Van los predicadores protagonistas y se arremangan para pacificar la turbulenta región. El primero de ellos, un tal Blázquez, llama a la congregación y reclama a los pistoleros que entreguen sus armas y pidan perdón. «Ha llegado el momento de que los vascos pidan perdón por las acciones horrendas con las que algunos pecadores descarriados han ensuciado el buen nombre del pueblo vascongado». El segundo, un tal Uriarte, más cercano a las gentes del lugar, conocedor de los sufrimientos y penalidades de la conquista de este Oeste, se limita a pedir a los principales responsables de la paz «signos positivos de distensión, acercamiento mutuo y diálogo auténtico a la sociedad, que necesita más que nunca mantener la esperanza ante momentos sombríos».
Con toda la sangre que ha corrido por estos lugares y cañadas, la tentación inmediata sería replicar al primer obispo que, puestos a pedir perdón, no estaría de más que la iglesia se arrodillara ante los vascos por las bulas y excomuniones que sirvieron en su época a los asesinos españoles (Fernando el católico, el falsario, por ejemplo) para promover la invasión del territorio en cuestión. Si la excomunión papal, a título personal, nos pasa por el arco del triunfo, la conquista que justificó y facilitó no.
También se echa en falta una cura de humildad y penitencia a cuenta de la Cruzada del 36 (recordemos la foto del grupo de seminaristas que empuñan sus fusiles en pleno fervor del 18 de julio), tan bendecida y santificada en los púlpitos, o los paseos bajo palio del principal cabecilla de los canallas españoles. La Inquisición, las hogueras, la persecución de la brujería o la herejía, el descubrimiento de las Américas que permitió una sangrienta «evangelización» de millones y millones de personas de otras creencias, Galileo, la perversión y represión de nuestra propia sexualidad… ¿Por qué no pide Blázquez perdón por los muertos aún por venir que causará el sida por la prohibición eclesial del uso del preservativo?

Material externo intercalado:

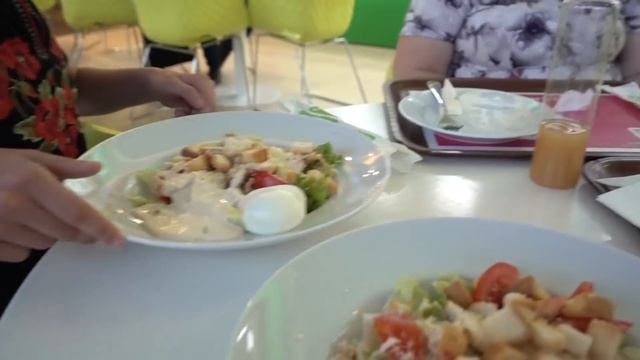 VLOG Едем на МРТ. Купили кроссовки. Родительское собрание у Кати смотреть онлайн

Seamos prácticos. No estamos ante un dilema moral, aunque así nos presenten el discurso argumental de la película. El cuento del perdón no tiene más fin ni intención que señalar, desde la elevada autoridad moral de la religión, quiénes son los malos de esta historia. Así, los de la otra parte son los buenos, como si nunca hubieran roto un plato en su vida. Unos, los de un lado, criminales; los contrarios, inocentes; víctimas, las buenas gentes que sufren los atropellos de quienes se han situado fuera de la ley. Es un relato un poco simplón, pero así nos gustan las ficciones.
Pero, llegados a este punto, cuando la reflexión daba cauce racional al primer impulso de indignación, se me ocurrió que no. Que la patraña iba más lejos. Que el argumento de este capítulo de la Conquista del Oeste no sigue los hilos narrativos de un western de acción como «Sin perdón». Que nos han birlado y escamoteado el guión. El reparto de papeles de los predicadores encaja más bien en la trama de los interrogatorios policiales, y la estructura narrativa del thriller de serie negra explica mejor el juego de confusión: good cop; bad cop. Doble discurso: que los creyentes de un bando se identifiquen con un obispo perdonavidas, prepotente y matón, le jaleen y se exciten con sus baladronadas…; y que los de la comunidad a pacificar, agraviados, apabullados, encuentren cobijo y sosiego en los sermones del otro religioso, comprensivo y camelador. Pero que todos sigan dentro de la Iglesia, dentro del mismo orden pecaminoso y penitencial que nos dice qué hemos de hacer con nuestras almas, con nuestros gustos y enredos privados, con la unidad de España, con nuestros embriones, con nuestra educación y nuestra caridad…
Con perdón, pero no es el Clint Easwood de «Sin perdón» quien se retrata en esta escena del obispo Blázquez y el Uriarte, sino la vieja pantomima del poli bueno, poli malo. Es Harry el Sucio quien entra dando patadas en la comisaría para que los asustados detenidos, delincuentes o no, se confiesen con el poli amable y bonachón.